AP reports the testimony from attorney Keith Davidson is seen as a base for the prosecution’s case that Trump and his allies sought to bury unflattering stories in the run-up to the 2016 presidential election.
He represented both Stormy Daniels and Karen McDougal in their negotiations with the National Enquirer and Trump’s former lawyer and sometime personal fixer, Michael Cohen.
Davidson is one of multiple key players expected to be called to the stand in advance of Cohen, the prosecutor’s star witness.
Trump has denied all allegations and maintained his innocence throughout while claiming “election interference” for the judicial challenge.
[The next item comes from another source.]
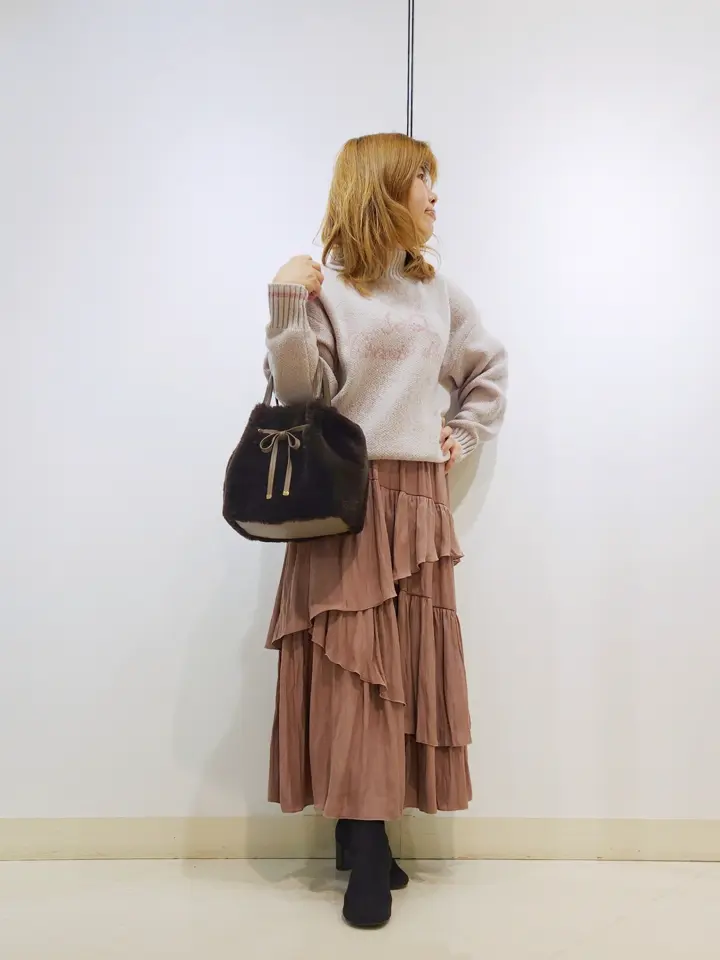 ONWARD CROSSET SELECT 中野 コーディネート画像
C-SPANJudge Juan Merchan is also due to consider four more alleged violations of Trump’s gag order Thursday.
This comes after he fined Trump $9,000 for nine breaches on Tuesday and warning the defendant he could face “incarceratory punishment” if he persists in out-of-court commentary, as Breitbart News reported.
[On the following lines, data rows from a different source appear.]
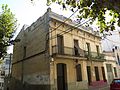 Habitatges al carrer Sant Agustí - Riera (Premià de Mar)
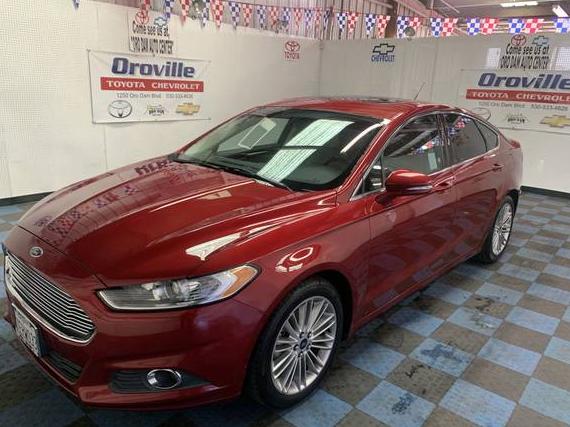 FORD FUSION 2014 3FA6P0HD7ER242228 image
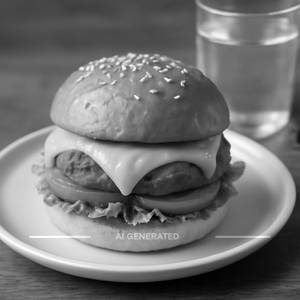 Cheese Burger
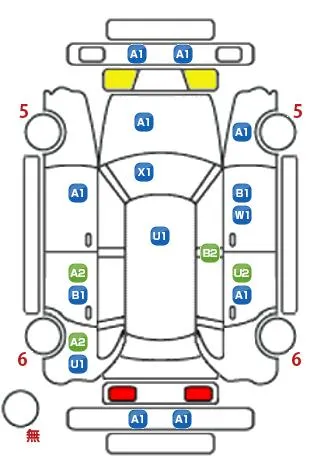 展開図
Merchan also ordered Trump to remove the “seven offending posts” from Truth Social which he complied with.
During a one-day break from the trial on Wednesday, Trump kept up his condemnation of the case, though stopped short of comments that might exceed the gag order.
“There is no crime,” he told supporters in Waukesha, Wisconsin. “I have a crooked judge, is a totally conflicted judge.”
The trial is now in its second week of testimony as a majority of Americans doubt Trump’s courtroom appearances will conclude with a fair outcome, a CNN poll on Friday found.
Increasing numbers of Americans see the criminal trial of Trump as irrelevant to his fitness for reelection, the CNN poll further found, while only 13 percent believe Trump is being treated the same as other “criminal defendants.”
Only about one-third of American adults believe Trump did anything illegal regarding the case, an AP-NORC Center for Public Affairs Research poll found Tuesday.
The case is New York v. Trump, No. 71543-23, in the New York Supreme Court for New York County.